徳川吉宗
Tokugawa Yoshimune
将軍の目利き——享保の改革と享保名物帳の編纂で刀剣文化を体系化した八代将軍
解説
紀州から将軍へ
貞享元年(一六八四年)、紀州徳川家の四男として生まれた徳川吉宗は、兄たちの相次ぐ死によって紀州藩主を継ぎ、さらに徳川家継の死によって後継者不在となった将軍家から白羽の矢を立てられ、享保元年(一七一六年)に第八代将軍に就任した。傍流からの将軍就任という前例のない状況の中、吉宗は「徳川の祖法に戻る」ことを旗印に享保の改革を断行し、幕府財政の再建と社会秩序の立て直しに成功した。「米将軍」の異名を持つ吉宗は、米価政策を中心とした経済改革において卓越した手腕を発揮したが、その活躍はそれだけに留まらず、日本刀の歴史においても忘れがたい足跡を残した。
享保の改革と刀剣政策
享保の改革における吉宗の施策のうち、刀剣文化に関わるものとして特筆すべきは、本阿弥家への命による「享保名物帳」の編纂である。享保五年(一七二〇年)から数年をかけて完成したこの名物帳は、天下に名を知られた名刀・名槍のすべてを網羅し、各刀の由来・来歴・形状・評価を詳細に記録した日本刀剣史上最も重要な文献のひとつである。名物帳には三日月宗近・童子切安綱・鬼丸国綱・大典太光世・数珠丸恒次という天下五剣をはじめ、燭台切光忠・蜻蛉切りなど武将ゆかりの名刀が多数収録されており、現在の刀剣研究の基礎となっている。吉宗がこの事業を命じた背景には、江戸中期という時代的変化の中で、戦国時代から伝わる名刀の由来や来歴が次第に曖昧になりつつあることへの危機感があった。

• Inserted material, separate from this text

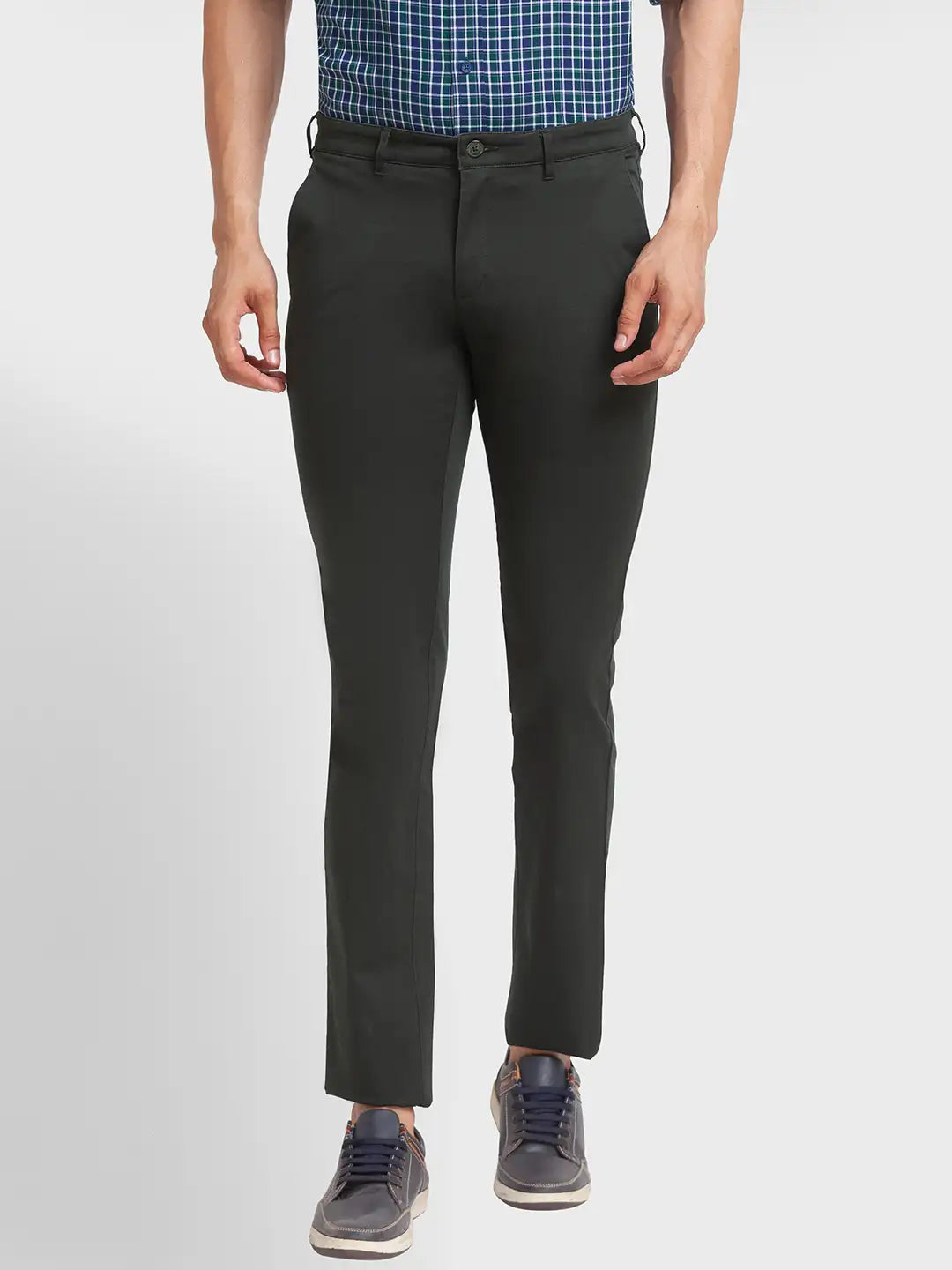 Men Regular Fit Fawn Trouser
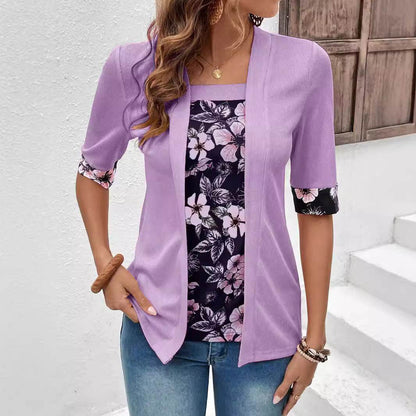 Women's Printed Two-Piece Half Sleeve T-Shirt - Stylish Comfort Top - Buy Center US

将軍自身が刀剣に深い関心を持つ目利きであったからこそ、この文化的事業が実現したと言える。
本阿弥家との関係
吉宗と本阿弥家の関係は、歴代将軍の中でも特に密接なものであった。本阿弥家は室町時代から続く刀剣の研磨・鑑定・浄拭の専門家として、将軍家や大名家の刀剣管理を担う最高権威であった。吉宗は本阿弥光忠(この時代の当主)を重用し、幕府所蔵の刀剣の整理・鑑定を命じた。本阿弥家が発行する「折紙」(鑑定書)は江戸時代の刀剣市場において絶対的な権威を持ち、折紙付きの名刀は桁違いの価値を持った。吉宗はこの制度を活用しつつ、将軍家所蔵の刀剣コレクションを整備・充実させた。また吉宗は刀剣の鑑定技術に強い関心を持ち、自ら本阿弥家から指導を受けて刀の見方・鑑別法を学んだと伝えられる。将軍自らが目利きとして刀を評価する姿勢は、家臣たちの刀剣文化への関心を高め、江戸中期における武士階級の刀剣教養の向上に大きく貢献した。
剣術の奨励
吉宗は刀剣の収集・研究にとどまらず、剣術の振興にも力を注いだ。享保の改革の柱のひとつとして武芸奨励策を打ち出し、諸道場への支援と剣術の稽古を幕府として積極的に推進した。この政策の下で江戸の剣術界は活性化し、後の幕末に開花する剣術の隆盛の礎が築かれた。吉宗は馬術にも長け、鷹狩りを好む武人の側面も持ち合わせており、その生活スタイル自体が武士の本分を重んじる模範を示していた。また剣術道場の整備とともに、防具(面・胴・小手)を使った稽古の普及にも意を注ぎ、現代の剣道につながる稽古法の発展に間接的に貢献した。
刀剣目利きとしての遺産
吉宗の刀剣に関する遺産は、享保名物帳の編纂という文化事業に最も鮮明に現れている。この名物帳は現在も日本刀剣研究の根本的な資料として参照され続けており、江戸時代の名物刀剣を論じる際には必ず引用される文献である。吉宗が命じたこの事業がなければ、戦国時代から伝わる名刀の多くは来歴不詳のまま埋もれていたかもしれない。将軍の権威と刀剣への個人的な情熱が合わさって実現した享保名物帳は、日本刀剣文化の体系化という意味で、刀剣史における吉宗の最大の功績である。また吉宗の享保の改革によって幕府財政が安定したことで、名刀の保存・管理にも十分な資源が割けるようになり、徳川将軍家所蔵の名刀群が後世に伝えられる条件が整えられた。「米将軍」と呼ばれた吉宗は、刀剣文化の視点から見れば「名刀将軍」とも呼ぶべき存在であり、その業績は今日の日本刀剣研究の礎として揺るぎない地位を占めている。
所持した刀剣
- 徳川将軍家伝来の天下名物(享保名物帳に収録された将軍家所蔵の名刀群。吉宗の命による整理・鑑定で体系的に管理された)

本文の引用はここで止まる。